Spread betting companies are calling London’s lead index down by around 2 points.
Michael Hewson at CMC Markets noted: ““Optimism over the UK economy also helped after it was announced that a long-running trade sore could well be confined to the history books, with agreement on the fractious Irish border issue.”
“All the focus will now be on the DUP to see whether the new arrangements pass muster with them.”
“Later this afternoon we have comment from Bank of England officials, John Cunliffe, Chief Economist Huw Pill and external MPC policymaker Catherine Mann, who has become even more hawkish given current trends around increasingly sticky inflation.”
US stocks ended the day in the green, recovering some of the ground lost on Friday, following the worst week of the year on Wall Street.

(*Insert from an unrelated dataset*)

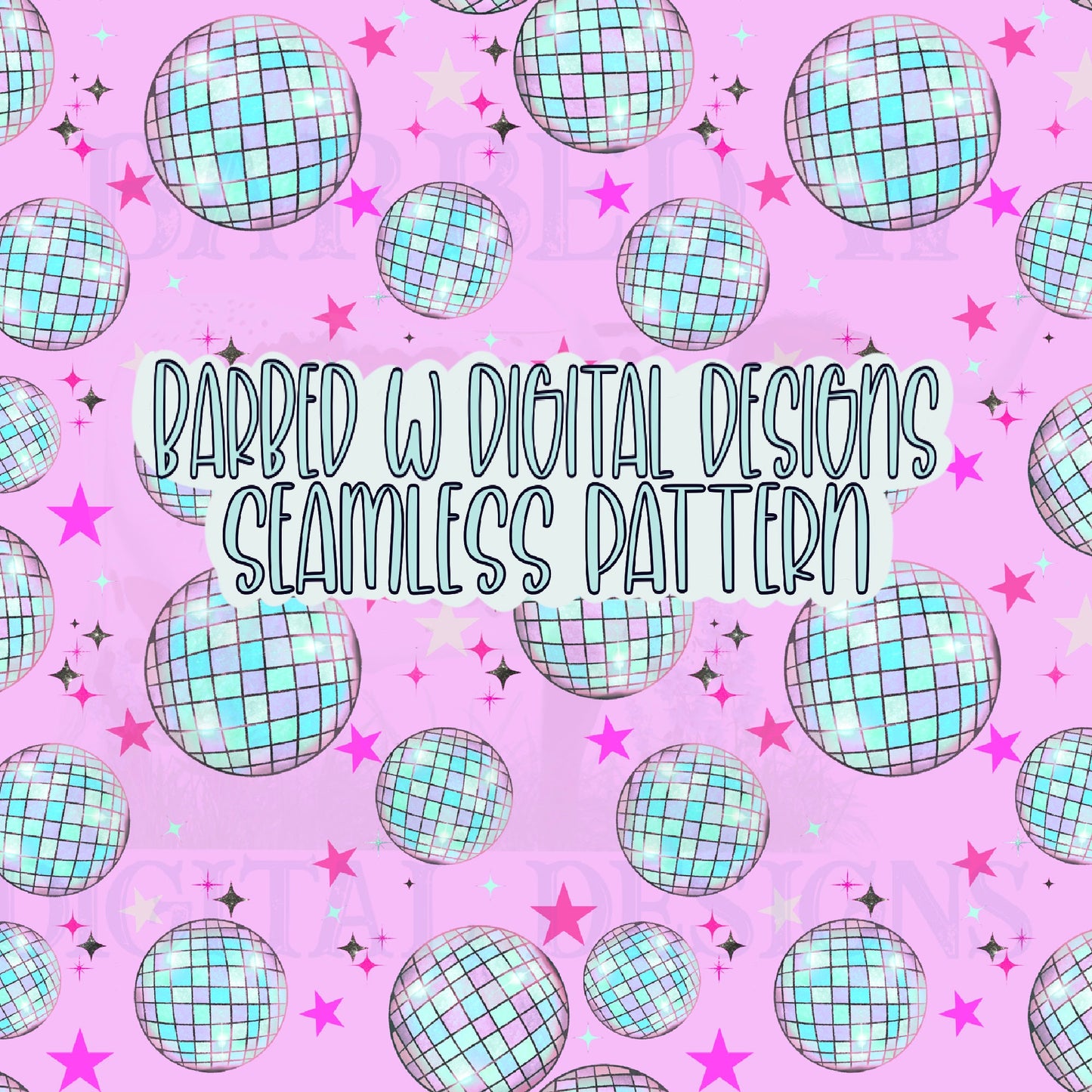 Retro disco ball Seamless Pattern, disco png, retro png, western png, punchy png, pink pattern, groovy png, disco ball png, trendy png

On Wall Street, the Dow Jones Industrial Average closed up 72.37 points, or 0.2%, at 32,889.29. The S&P 500 rose 12.31 points, or 0.3%, to 3,982.35, and the Nasdaq Composite leapt 72.04 points, or 0.6%, to 11,466.98.
In Asia on Tuesday, the Nikkei 225 index was up 0.1%. In China, the Shanghai Composite was up 0.3%, while the Hang Seng index in Hong Kong was down 0.3%. The S&P/ASX 200 in Sydney closed up 0.5%.
Back in London and the early focus will be results from abrdn, boohoo, Croda, Intertek and Ocado.